Cecil the lion was a majestic creature. All animals, except ones that have me inside their mouths, are beautiful. But human beings are – or have the capacity to be -beautiful too. We, after all, are just animals ourselves.


Responses

  1. AthenaC

    Well said – it’s obvious to me that the response for Cecil is greatly disproportional to the crime, especially compared to the injustices that get no attention or outrage. How many of these people even knew that Cecil existed before this?

    Hell must have frozen over because I actually agreed with some of what Matt Walsh said about this – he said (paraphrasing from memory) that it’s easy to attach to the Cecil issue because it’s easy to love lions in the abstract. Lions are across an ocean from us and demand nothing from us. Loving humans is a concrete love that demands that we do things and change things and it’s uncomfortable; that’s why people generally disengage from that type of love and opt instead for the easy, distant, abstract love of the clickbait cause -of-the-day.

  2. John

    Meanwhile, back in Washinkton DC….

  3. Ellen Hawley

    Not a post guaranteed to win you popularity, but well thought out and well argued.
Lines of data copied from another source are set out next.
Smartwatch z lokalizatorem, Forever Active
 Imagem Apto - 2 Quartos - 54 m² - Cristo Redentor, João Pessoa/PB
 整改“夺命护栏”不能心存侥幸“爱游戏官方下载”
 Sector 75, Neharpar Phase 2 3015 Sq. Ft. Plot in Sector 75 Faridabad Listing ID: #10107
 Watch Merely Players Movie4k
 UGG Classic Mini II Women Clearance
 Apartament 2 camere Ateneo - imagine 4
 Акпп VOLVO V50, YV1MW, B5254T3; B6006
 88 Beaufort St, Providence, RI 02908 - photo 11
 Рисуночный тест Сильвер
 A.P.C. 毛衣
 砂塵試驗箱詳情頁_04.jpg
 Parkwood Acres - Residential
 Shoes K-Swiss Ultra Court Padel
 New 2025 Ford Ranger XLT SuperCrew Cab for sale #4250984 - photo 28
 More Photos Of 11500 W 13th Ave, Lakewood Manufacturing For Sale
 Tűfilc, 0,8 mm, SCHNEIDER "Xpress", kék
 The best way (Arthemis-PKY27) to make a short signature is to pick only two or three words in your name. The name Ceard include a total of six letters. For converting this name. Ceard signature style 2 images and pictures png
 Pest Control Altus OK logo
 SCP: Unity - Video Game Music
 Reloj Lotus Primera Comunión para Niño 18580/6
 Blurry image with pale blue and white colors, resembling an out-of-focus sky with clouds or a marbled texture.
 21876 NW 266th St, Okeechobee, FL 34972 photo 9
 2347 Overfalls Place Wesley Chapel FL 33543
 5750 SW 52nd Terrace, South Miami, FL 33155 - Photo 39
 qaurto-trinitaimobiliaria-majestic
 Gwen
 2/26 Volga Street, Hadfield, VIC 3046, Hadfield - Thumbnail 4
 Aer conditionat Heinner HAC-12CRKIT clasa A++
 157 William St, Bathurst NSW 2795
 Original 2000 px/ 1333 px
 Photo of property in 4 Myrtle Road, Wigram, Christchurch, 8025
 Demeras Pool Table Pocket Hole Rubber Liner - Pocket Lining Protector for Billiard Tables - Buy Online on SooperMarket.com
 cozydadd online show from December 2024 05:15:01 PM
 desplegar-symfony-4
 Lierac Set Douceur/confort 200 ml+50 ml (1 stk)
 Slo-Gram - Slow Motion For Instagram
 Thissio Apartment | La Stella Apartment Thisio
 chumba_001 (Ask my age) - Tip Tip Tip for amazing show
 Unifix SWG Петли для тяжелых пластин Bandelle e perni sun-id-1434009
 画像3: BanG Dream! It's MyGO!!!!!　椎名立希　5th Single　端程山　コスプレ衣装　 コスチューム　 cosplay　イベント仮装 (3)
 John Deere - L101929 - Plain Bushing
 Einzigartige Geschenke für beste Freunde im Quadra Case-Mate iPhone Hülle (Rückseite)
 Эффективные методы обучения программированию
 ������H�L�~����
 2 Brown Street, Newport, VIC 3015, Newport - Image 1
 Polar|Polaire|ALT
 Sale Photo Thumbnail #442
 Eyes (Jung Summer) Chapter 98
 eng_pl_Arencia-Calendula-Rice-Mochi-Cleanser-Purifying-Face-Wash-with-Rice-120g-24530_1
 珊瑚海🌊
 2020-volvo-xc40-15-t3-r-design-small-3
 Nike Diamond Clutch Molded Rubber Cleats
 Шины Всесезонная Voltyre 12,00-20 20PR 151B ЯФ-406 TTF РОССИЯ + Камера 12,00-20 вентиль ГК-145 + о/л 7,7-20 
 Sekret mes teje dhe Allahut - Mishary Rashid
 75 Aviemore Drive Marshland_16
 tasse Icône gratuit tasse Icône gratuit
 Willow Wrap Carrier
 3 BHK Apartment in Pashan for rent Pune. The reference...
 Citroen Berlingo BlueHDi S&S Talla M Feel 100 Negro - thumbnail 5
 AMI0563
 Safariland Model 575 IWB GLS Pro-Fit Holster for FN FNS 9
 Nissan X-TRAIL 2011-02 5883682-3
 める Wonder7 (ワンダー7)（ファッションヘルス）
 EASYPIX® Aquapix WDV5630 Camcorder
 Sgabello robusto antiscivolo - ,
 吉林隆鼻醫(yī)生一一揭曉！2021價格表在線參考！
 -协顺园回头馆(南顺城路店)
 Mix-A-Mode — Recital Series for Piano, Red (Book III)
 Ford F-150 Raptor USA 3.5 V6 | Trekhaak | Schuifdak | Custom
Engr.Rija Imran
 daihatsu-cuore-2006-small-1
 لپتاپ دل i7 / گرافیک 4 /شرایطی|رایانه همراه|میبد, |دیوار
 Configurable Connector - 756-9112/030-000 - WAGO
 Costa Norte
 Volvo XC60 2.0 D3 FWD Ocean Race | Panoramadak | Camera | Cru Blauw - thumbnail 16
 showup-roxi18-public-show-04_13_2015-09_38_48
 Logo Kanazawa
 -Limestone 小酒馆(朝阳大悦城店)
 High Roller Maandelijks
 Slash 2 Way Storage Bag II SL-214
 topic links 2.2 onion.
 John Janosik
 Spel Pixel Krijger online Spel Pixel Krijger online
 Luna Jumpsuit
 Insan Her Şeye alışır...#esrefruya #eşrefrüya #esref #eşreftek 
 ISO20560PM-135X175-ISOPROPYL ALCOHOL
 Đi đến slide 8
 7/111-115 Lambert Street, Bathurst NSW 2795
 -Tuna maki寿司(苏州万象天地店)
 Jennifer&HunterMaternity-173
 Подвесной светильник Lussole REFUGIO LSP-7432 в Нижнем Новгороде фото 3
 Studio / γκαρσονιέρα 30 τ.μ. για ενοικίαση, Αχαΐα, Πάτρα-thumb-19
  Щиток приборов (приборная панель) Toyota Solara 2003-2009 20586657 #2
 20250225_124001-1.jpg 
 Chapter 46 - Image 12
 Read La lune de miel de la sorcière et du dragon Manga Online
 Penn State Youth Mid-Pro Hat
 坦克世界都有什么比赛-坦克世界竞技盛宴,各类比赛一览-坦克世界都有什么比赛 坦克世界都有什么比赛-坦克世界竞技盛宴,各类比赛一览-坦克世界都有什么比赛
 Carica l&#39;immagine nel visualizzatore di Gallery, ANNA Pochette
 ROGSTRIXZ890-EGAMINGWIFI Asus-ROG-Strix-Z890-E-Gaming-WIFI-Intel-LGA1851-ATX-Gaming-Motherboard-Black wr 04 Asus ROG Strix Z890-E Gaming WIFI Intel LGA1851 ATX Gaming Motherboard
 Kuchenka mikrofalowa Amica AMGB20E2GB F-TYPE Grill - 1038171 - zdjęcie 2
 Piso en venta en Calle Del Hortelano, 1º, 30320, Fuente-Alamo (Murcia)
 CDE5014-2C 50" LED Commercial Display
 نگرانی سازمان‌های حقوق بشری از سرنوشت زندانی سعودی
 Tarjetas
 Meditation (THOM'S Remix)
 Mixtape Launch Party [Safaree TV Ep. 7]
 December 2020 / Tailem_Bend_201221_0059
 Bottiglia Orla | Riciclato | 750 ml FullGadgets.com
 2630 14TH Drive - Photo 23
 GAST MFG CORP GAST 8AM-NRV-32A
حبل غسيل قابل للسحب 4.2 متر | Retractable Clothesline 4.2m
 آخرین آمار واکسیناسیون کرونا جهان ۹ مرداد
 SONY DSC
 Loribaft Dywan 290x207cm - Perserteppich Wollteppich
As I read this, refugees trying to enter Britain are stuck in Calais, living in campsites that are worse than shantytowns and as the efforts to keep them out get more intense taking greater risks and sometimes dying in the process of trying to cross the channel. One man was quoted as saying, “If you send me home, you have killed me. Better to die here.” And the world at large either turns its back or vilifies them. I don’t know what the solution to the world’s proliferating refugee crises are, but I know we haven’t done much to address them. We haven’t even really acknowledged the humanity of the refugees.

  4. This British-American Life

    Reblogged this on This British-American Life and commented:
    Heather Christena Schmidt said what I wanted to say about Cecil the Lion and how it relates to the bigger picture very eloquently. It saved me quite a bit of writing. Thank you, Heather.

  5. This British-American Life

    I think it is because we have Disneyfied lions. It was like we lost Mufasa all over again. That was still no excuse to pull out the torches and pitchforks, and I have specifically said nothing about it because I want more information. I am in your camp, Heather.